§ TASK DESCRIPTION: In the entries below, find the line with "Male employee working", then set it down exactly along with each line after it to the end, skipping any pictures.

[Short web captions]

>>>

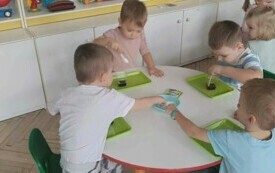 Dzieci pracuja przy stoliku. 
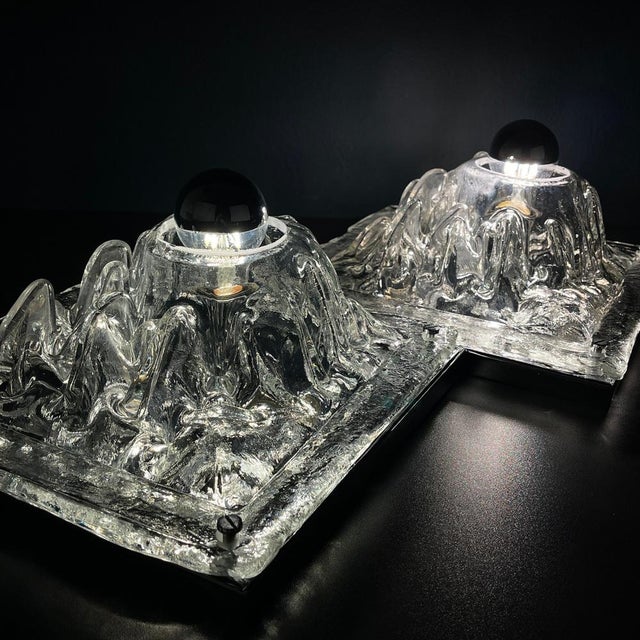 Elevate your vintage home decor with the enchanting Murano wall lamps, known as "Polifemo," designed by Angelo Brotto for...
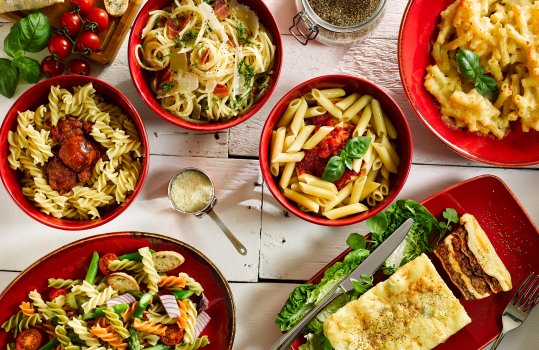 Aerial food photograph of a selection of pasta dishes served in red china bowls and plates, macaroni cheese, beef lasagne, penne arabbiata, spaghetti carbonara, fusilli with meatballs, and a tricolore fusilli pasta salad, garnished with vine cherry tomatoes, basil, parmesan, cracked black pepper and ciabatta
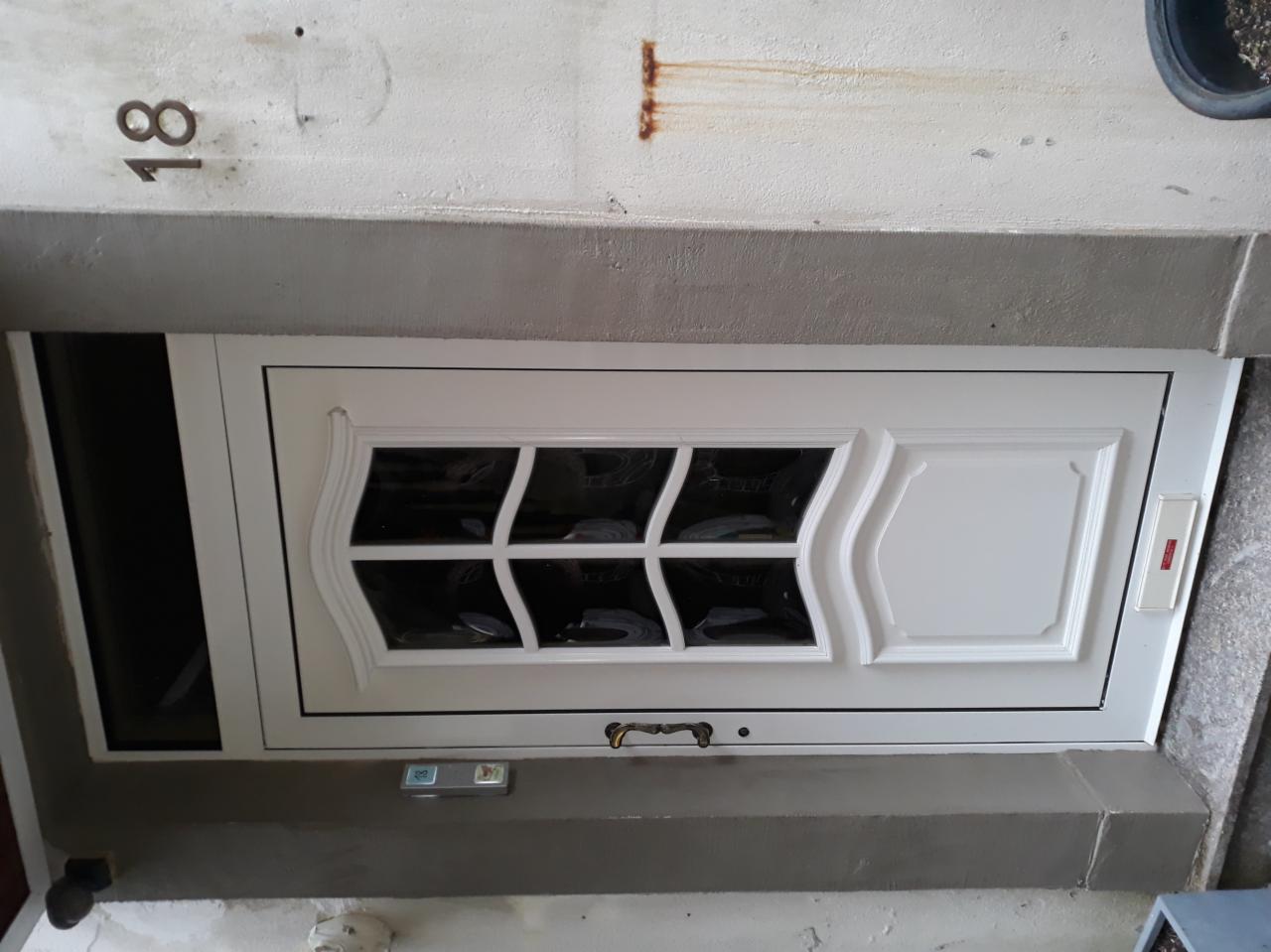 Białe okno piwniczne z ozdobnymi szprosami i widocznym numerem budynku '18' na ścianie powyżej.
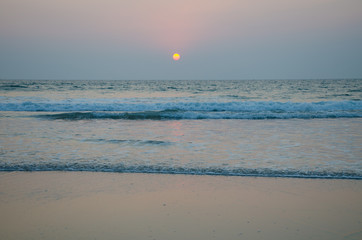 Sunset over a sea smooth surface a beautiful landscape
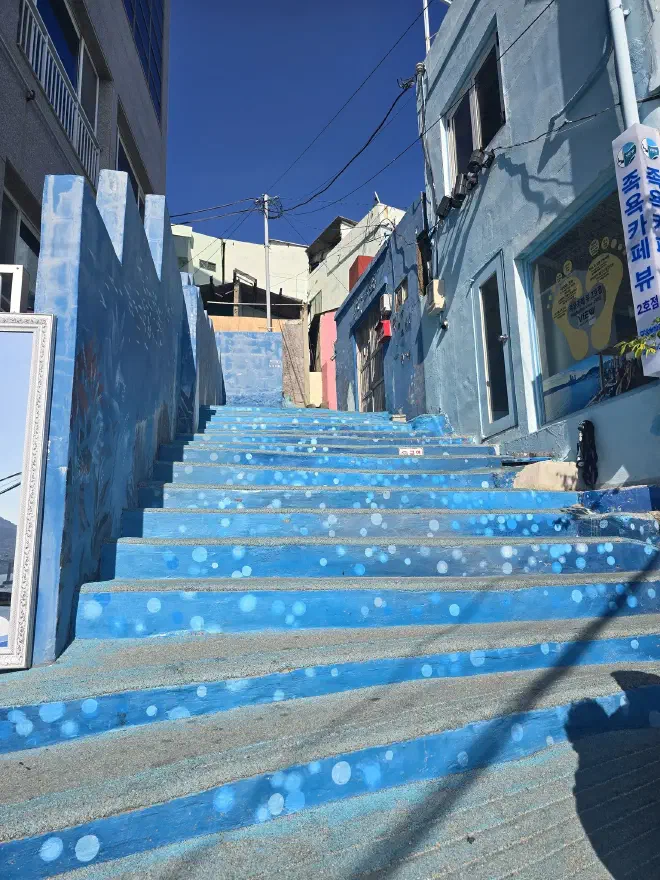 Stone steps painted blue with bubbles lead up to some stone houses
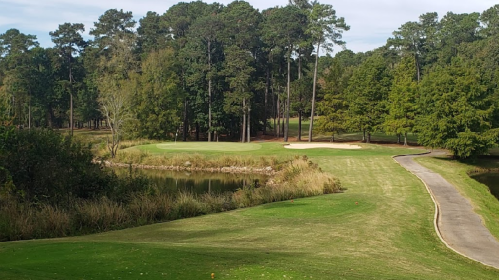 A scenic view of a golf course with a pond, sand traps, and surrounded by tall trees under a clear sky.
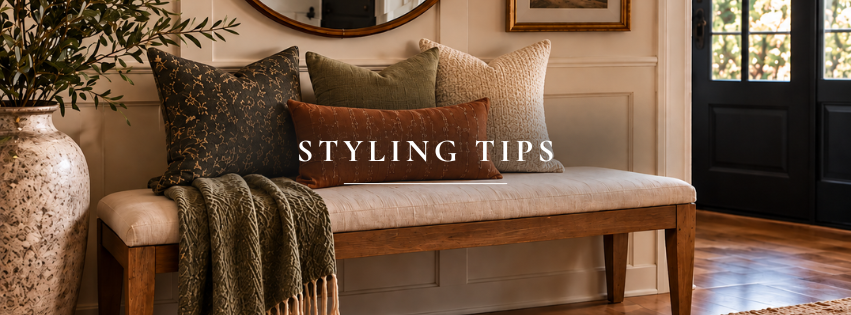 Warm entryway with wood bench, layered pillows, olive throw, round mirror, and black front door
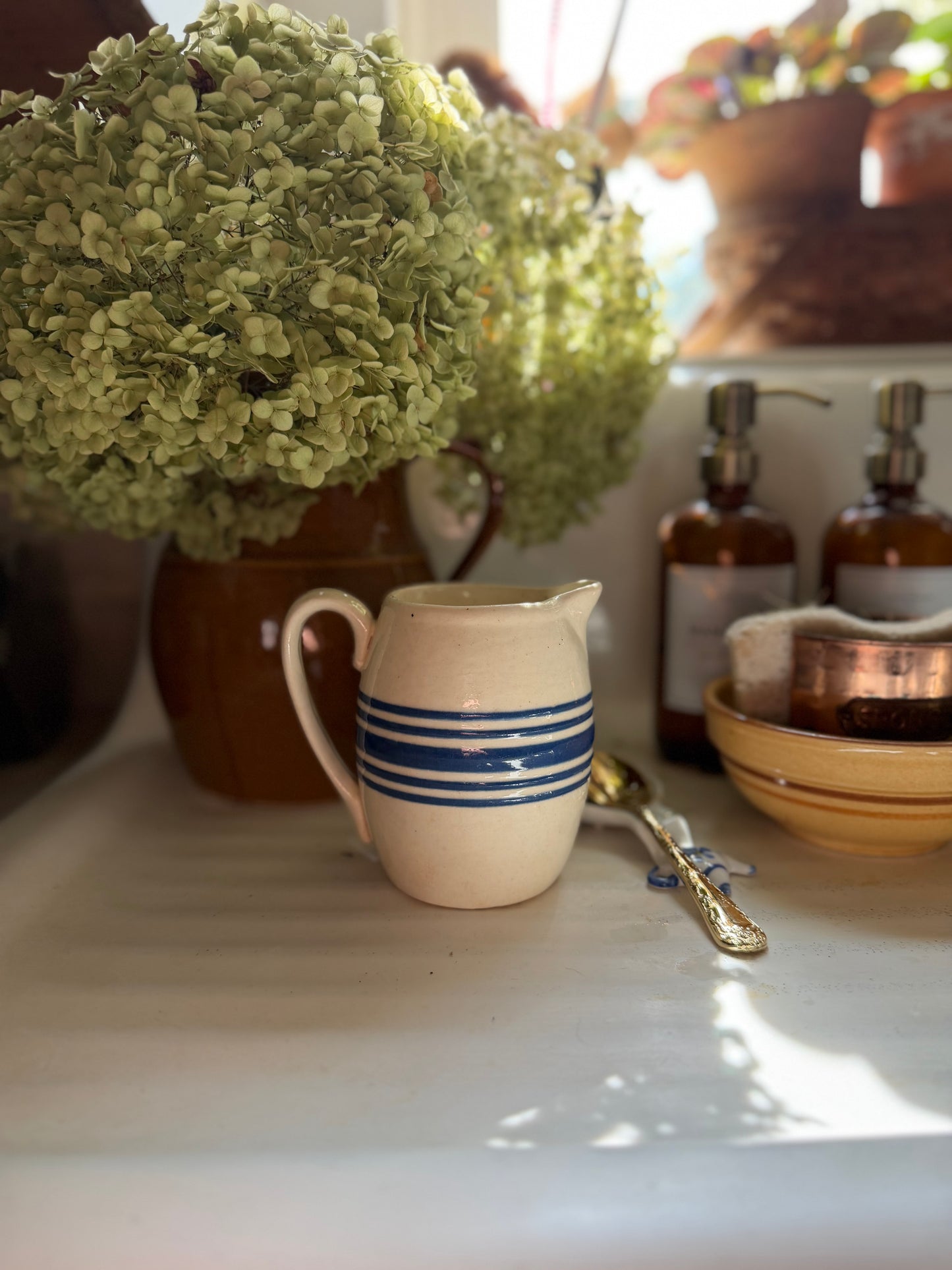 Blue Striped Pottery Pitcher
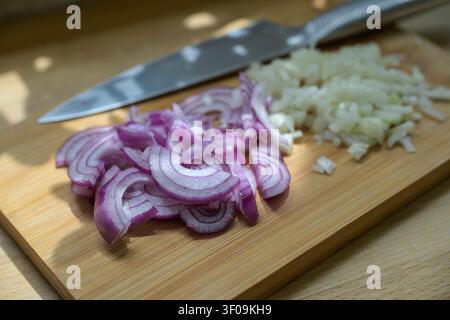 Red and white onions, sliced into half-rings and diced into small cubes on a cutting board with a kitchen knife, preparation for cooking, selected focus, narrow depth of field Stock Photo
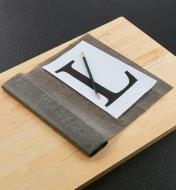 Paper and pencil lying on graphite tracing paper that has been used to trace a design onto wood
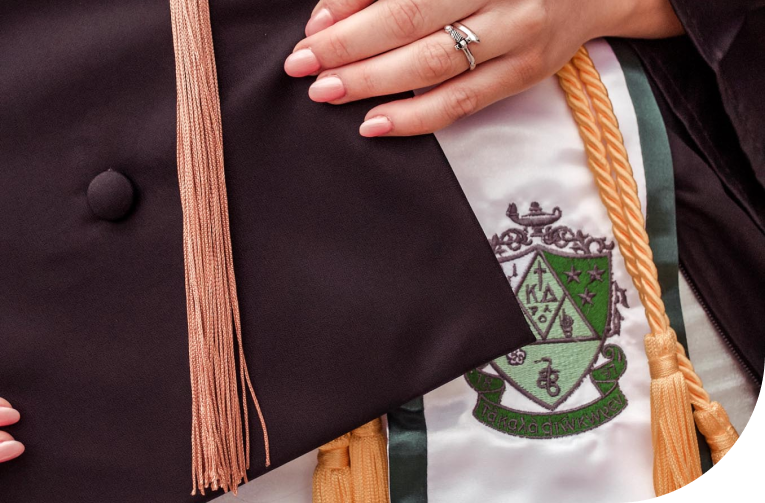 Kappa Delta collegiate sister holding graduation cap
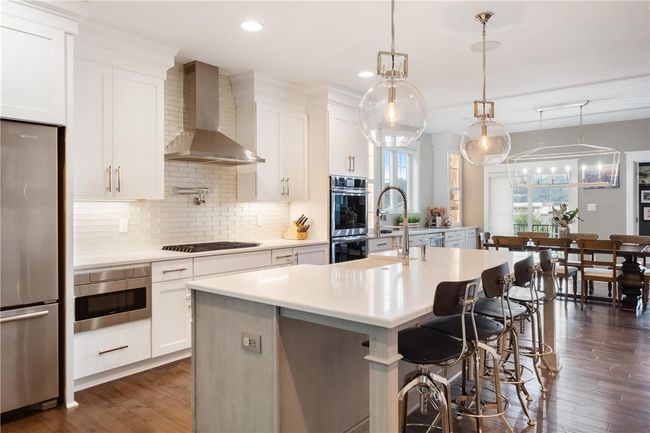 Jenn Air stainless steel appliances include 6 burner gas cook top, double oven, large center island with quartz counter top and seating. | Image 9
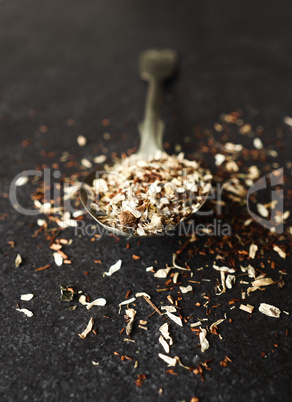 Organic tea blend on a rustic spoon, dark stone background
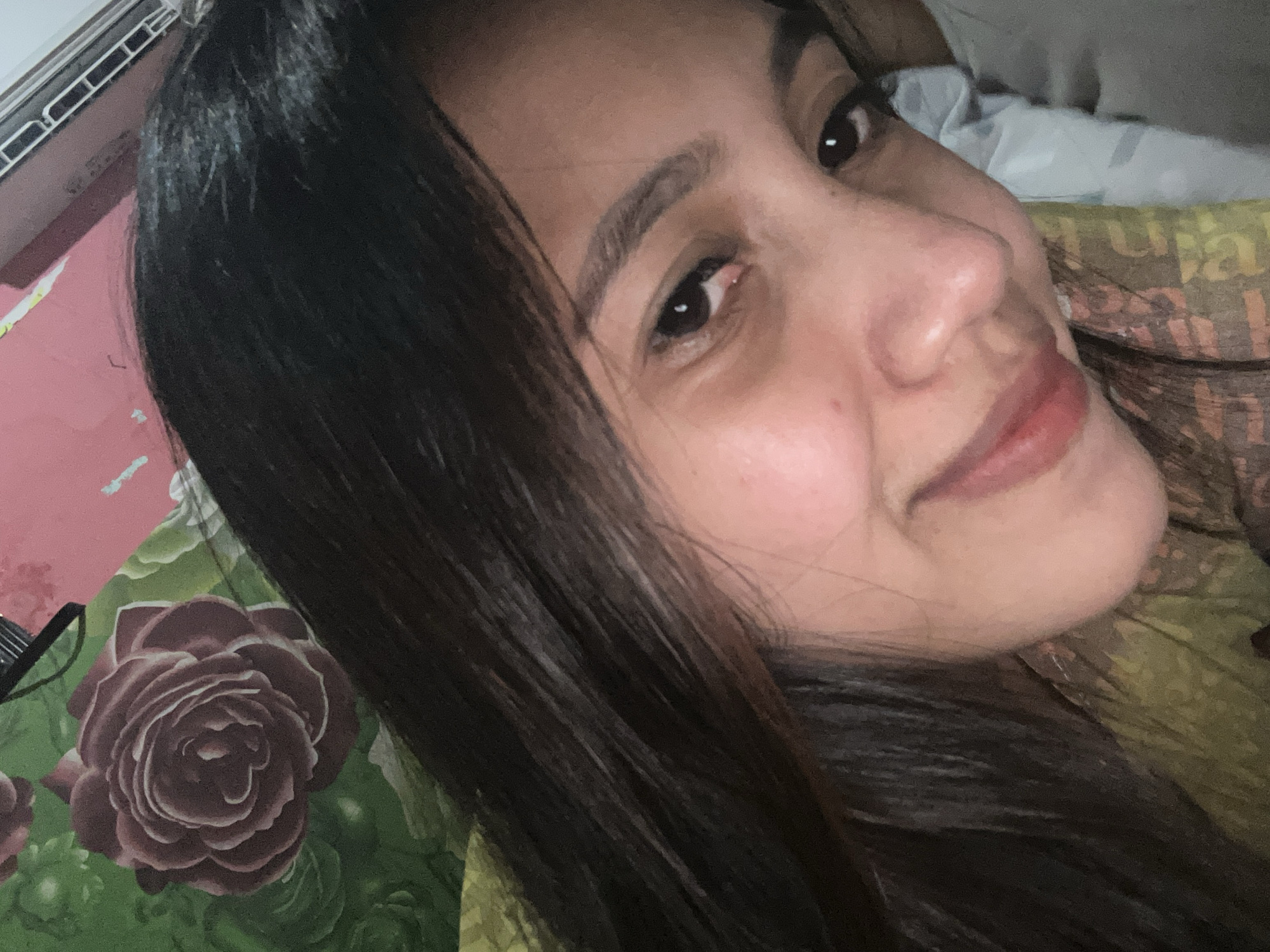A close-up selfie shows a young woman with long, dark hair and brown eyes smiling at the camera. She is wearing a patterned yellow shirt. Behind her, a wall displays a floral print with red roses and green leaves. The lighting suggests an indoor setting. The image does not provide enough detail to determine a specific location within Depok, Indonesia.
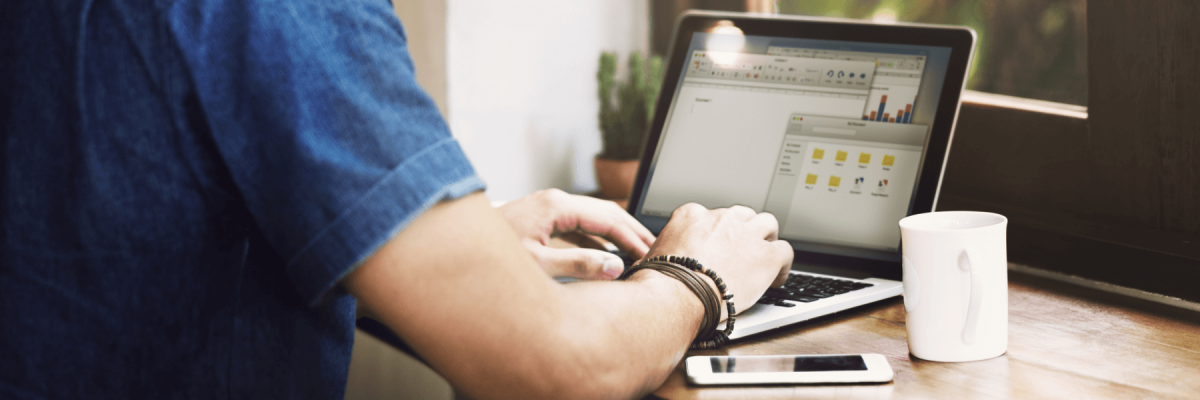 Male employee working remotely on laptop with documents, document management concept for remote employees or hybrid workforce, DMS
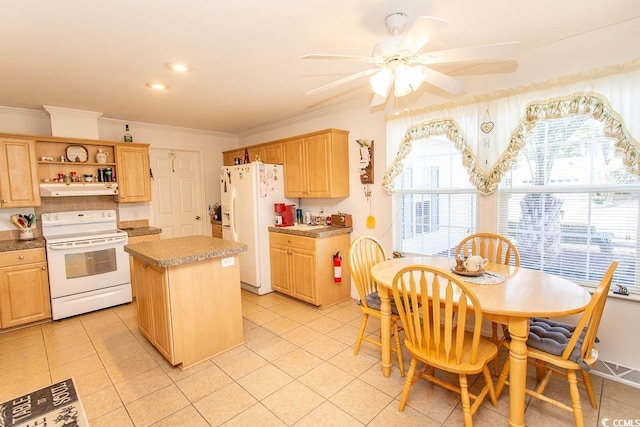 kitchen with a center island, white appliances, light tile patterned flooring, ornamental molding, and ceiling fan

<<<

§ ANSWER TO THIS TASK:
 Male employee working remotely on laptop with documents, document management concept for remote employees or hybrid workforce, DMS
 kitchen with a center island, white appliances, light tile patterned flooring, ornamental molding, and ceiling fan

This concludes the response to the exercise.